Quitting smoking, not the easiest task by any stretch. Plenty try and most fail. Those adverts designed to persuade us to quit smoking certainly don’t do much to alleviate the stresses of the guilty smoker, with dangers including: arteries rammed full of yellow gloop and idiotic children trying to puff on a crayon (frankly, this advert concerns me for more reasons than than passive smoking). A world that includes skyscraper sized cigarettes is certainly not one that I want to live in. In spite of the trials of the modern day smoker, imagine living in a time where your habit would have had you labelled an ‘ape’ and a sinner by your own king.
James I, king of England, successor to Elizabeth I, survivor of the Gunpowder plot was also a vehement critic of smoking. In 1604, his work ‘A Counterblaste to Tobacco’, became one of the first anti-smoking publications of all time. James was a talented and well educated man, he authored many works and earned himself the unshakable title of ‘the wisest fool in Christendom’. Whether this title is wholly complimentary is certainly questionable, James’ attitude towards smoking and more specifically Tobacco, was not.
Just as James I had done some 300 years earlier, a certain Austrian dictator was also to publicize the perils of smoking. Whereas Hitler, as he had done for most of Germany’s mishaps, blamed the importation of this nefarious habit upon the Jews, King James I was equally contemptuous towards the ‘barbarous’ Indians for introducing this disgusting new trend into his beloved country. To James, smoking the Native American remedy for ‘pocs’ was tantamount to imitation – the great people of England may as well be walking around naked with feathers in their hair.

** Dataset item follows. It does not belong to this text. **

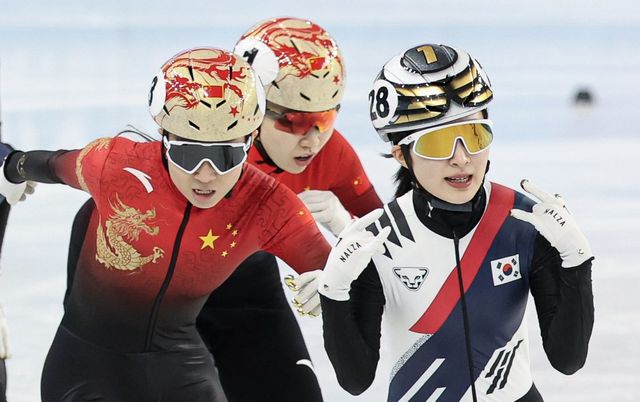 8일(현지시간) 중국 헤이룽장성 하얼빈 빙상훈련센터 다목적홀에서 열린 하얼빈 동계아시안게임 쇼트트랙 여자 1,500m 결승에서 김길리가 금메달을 확정지은 후 세리머니를 하고 있다. 2025.2.8/뉴스1 ⓒ News1 이승배 기자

What James I lacked in racial tolerance, he made up for in some disturbingly familiar observations on the practice of smoking tobacco. Although seriously hindered by the medical knowledge of the time, James I still managed to identify some causal links between smoking and its side effects. For instance, he recognised that smoking was ‘dangerous’ to the lungs, while those around him nonchalantly puffed away on this new delight from across the Atlantic. The boy born in Edinburgh Castle was certainly right in assuming that the foul smell of tobacco smoke did not bode well for our poor little alveoli.

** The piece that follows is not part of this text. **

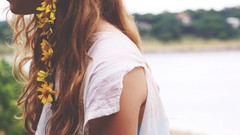 Flowers woman brunettes LaunchLook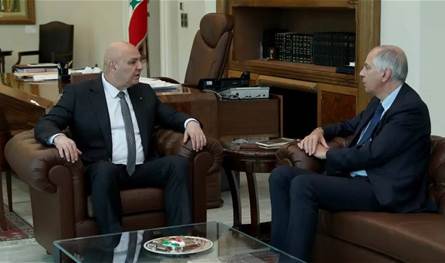 عون يستقبل السفير الفرنسي ويبحث معه إمكانية إطلاق تفاوض مباشر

“A custome lothsome to the eye, hatefull to the Nose, harmefull to the braine, dangerous to the Lungs, and in the blacke stinking fume thereof, neerest resembling the horrible Stigian smoke of the pit that is bottomelesse.”

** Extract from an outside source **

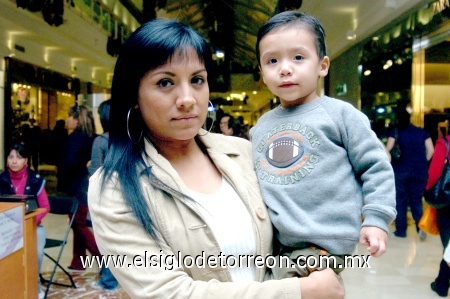 19112008
Luz María Quezada y Emiliano Atilano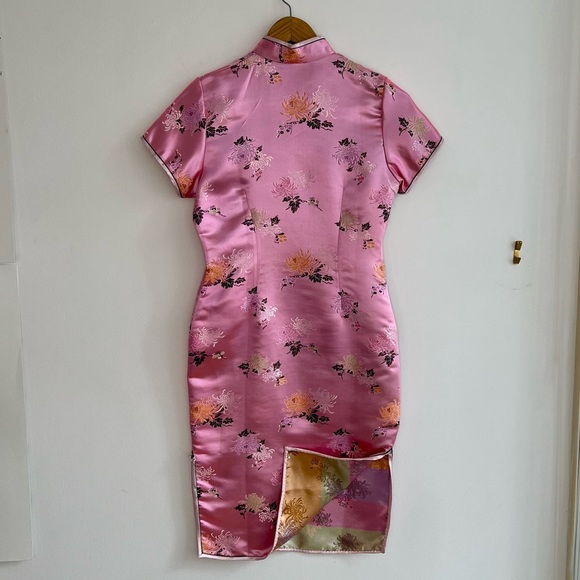 Pink Floral Pattered Kimono Mini Dress - Picture 2 of 3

‘Peer pressure’, just another aspect of smoking that James I correctly identified.
“We cannot be content unlesse we imitate every thing that our fellowes doe, and so proove our selves capable of every thing whereof they are capable, like Apes, counterfeiting the maners of others, to our owne destruction.”
The number of people who started smoking as part of some disappointingly familiar guise to be ‘cool’, will forever stagger me, old James I saw it for what it was.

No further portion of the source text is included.